Selbst Innenminister Sajid Javis, der für das Papier verantwortlich ist, sowie Schatzkanzler Philip Hammond und Wirtschaftsminister Greg Clark scheinen Bedenken zu haben. Wie der linksliberale "Guardian" berichtet, befürchten die drei Tories, dass die plötzliche Schranke für EU-Bürger in Schlüsselbranchen der Wirtschaft schadet. Denn Großbritannien ist gerade in Niedriglohnsektoren wie der Kranken- und Altenpflege auf Arbeiter aus dem Ausland angewiesen. Hinter vorgehaltener Hand bevorzugt die Mehrheit der Minister in Theresa Mays Kabinett eine niedrigere Einkommensschranke von etwa 21.000 Pfund. Doch die Premierministerin hat sich die Eindämmung der Migration auf die Fahnen geschrieben und dem Druck ihrer Minister standgehalten.

Immerhin war Einwanderung das Schlüsselthema des Brexit-Referendums von 2016. Das Schlagwort der "Vote Leave"-Kampagne, "Let’s take back control", hallt bis heute in den Köpfen der Briten nach - und findet sich auch in der Begründung von Innenminister Jarvis: "Wir erfüllen die klare Anordnung, die Kontrolle über unsere Grenzen wiederzuerlangen, und führen ein System ein, das den Interessen der britischen Bevölkerung dient." Mays Kabinett will die Migration ins Königreich auf weniger als 100.000 Menschen im Jahr reduzieren. Das garantiert die neue Regelung zwar nicht. Doch untermauert Javis damit seine frühere Behauptung: "Die Personenfreizügigkeit endet - mit oder ohne Abkommen."

Britische Firmen "entsetzt"

Die britische Wirtschaft, ohnehin schon in eine Art Schockstarre verfallen, stürzt der Vorstoß Londons weiter in die Verzweiflung. Am Mittwoch warnten Unternehmen der fünftgrößten Volkswirtschaft einmal mehr vor einem Brexit ohne Abkommen. Es sei "unglaubwürdig", dass ein No-Deal-Austritt zu bewältigen wäre, heißt es in einer gemeinsamen Erklärung der fünf größten Verbände des Landes. In 100 Tagen tritt das Vereinigte Königreich aus der EU aus. "Das ist einfach nicht genug Zeit, um den schwerwiegenden Verwerfungen und Störungen vorzubeugen."

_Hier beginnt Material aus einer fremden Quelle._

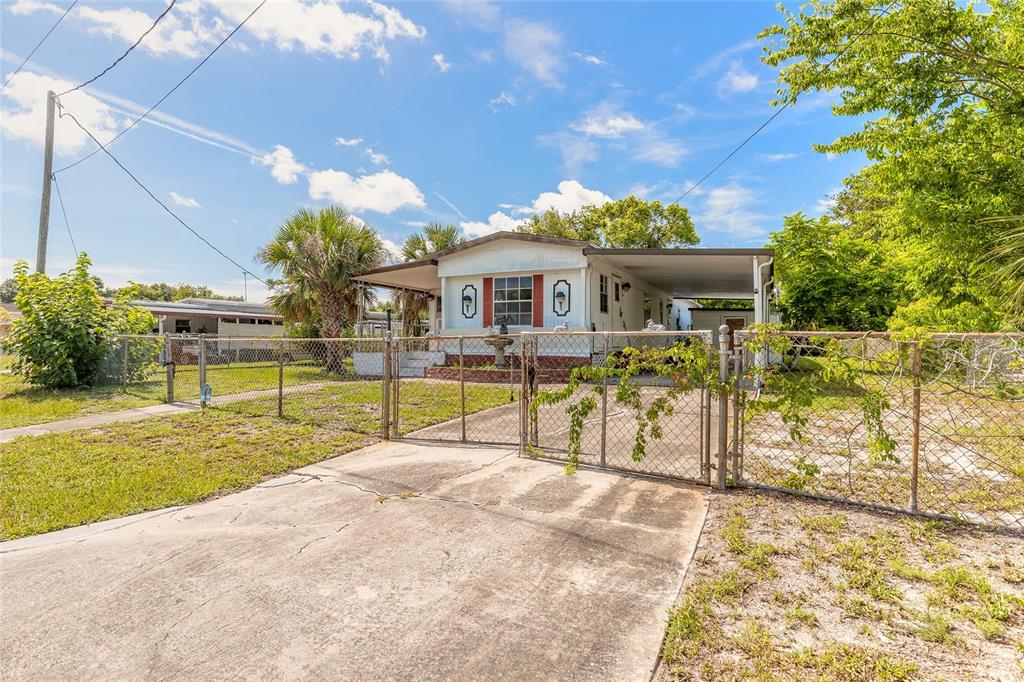 1305 ARROYO PARKWAY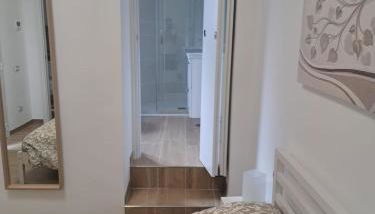 Casa Borghesia, luminosa nel cuore autentico di Napoli - Sanità - Foto 2, wardrobe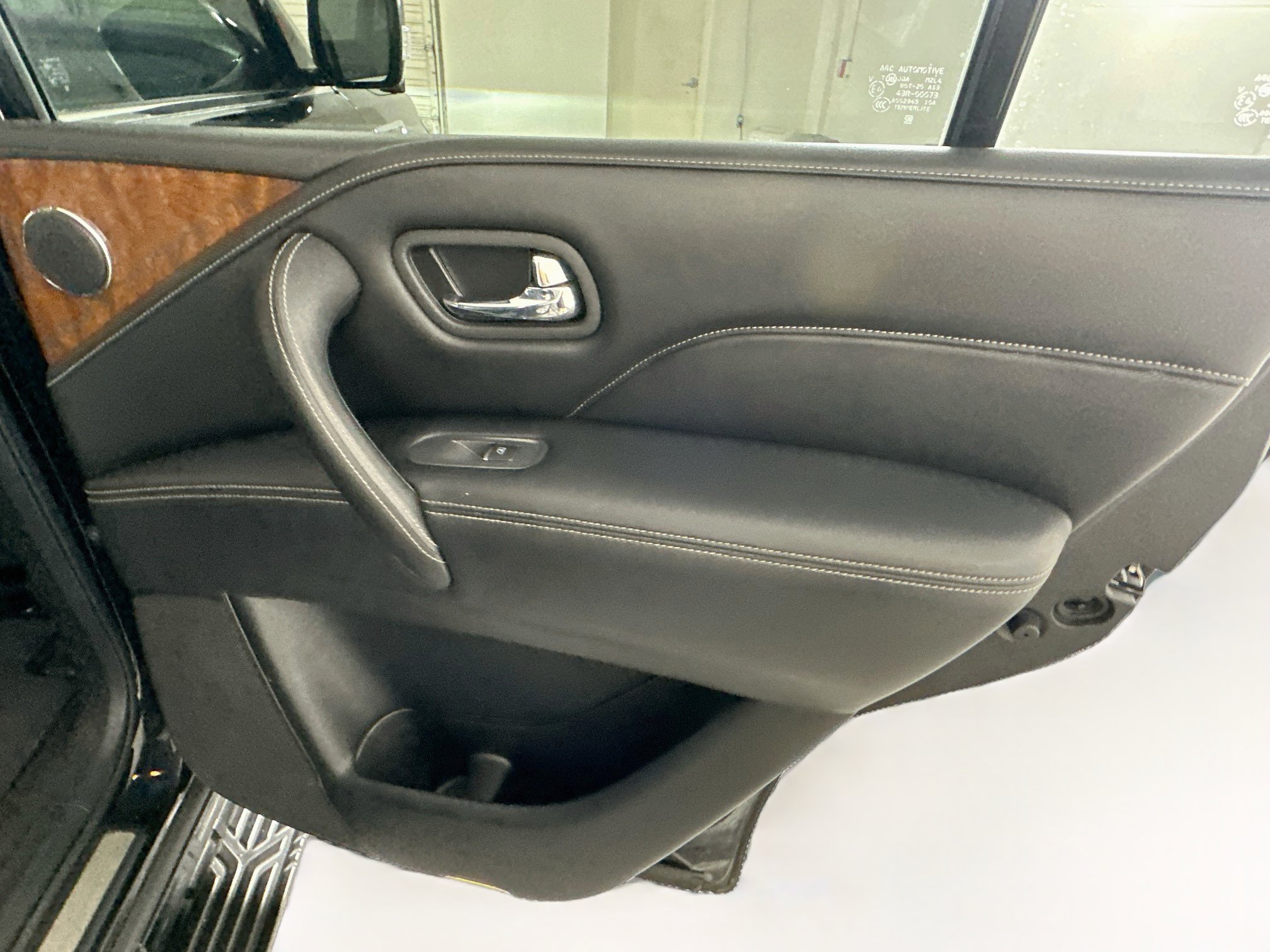 Used 2018 INFINITI QX80 2WD image 33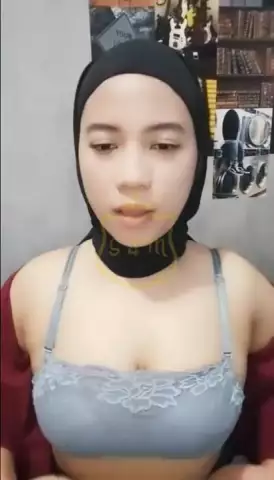 Bokep Jilbab Yunita Lepas Bra Colmek Desah Manjah Crotin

Beim Brexit am 29. März wird Großbritannien über Nacht zum Drittstaat: Tausende Regelungen zwischen dem Königreich und der EU sind damit ungültig. Das betrifft den grenzüberschreitenden Verkehr, den Handel, die Bürgerrechte. "Unternehmen wären mit heftigen neuen Zöllen und Abgaben konfrontiert. Verzögerungen an Häfen könnten sorgfältig abgestimmte Lieferketten zerstören", so die Wirtschaftsvertreter, die den Stillstand im Londoner Parlament und die Grabenkämpfe der Abgeordneten "mit Entsetzen" beobachten.

Auch die Whiskey-Produzenten der Insel, mit jährlich 4,5 Milliarden Pfund der größte britische Exporteur, warnen vor einem No-Deal-Brexit.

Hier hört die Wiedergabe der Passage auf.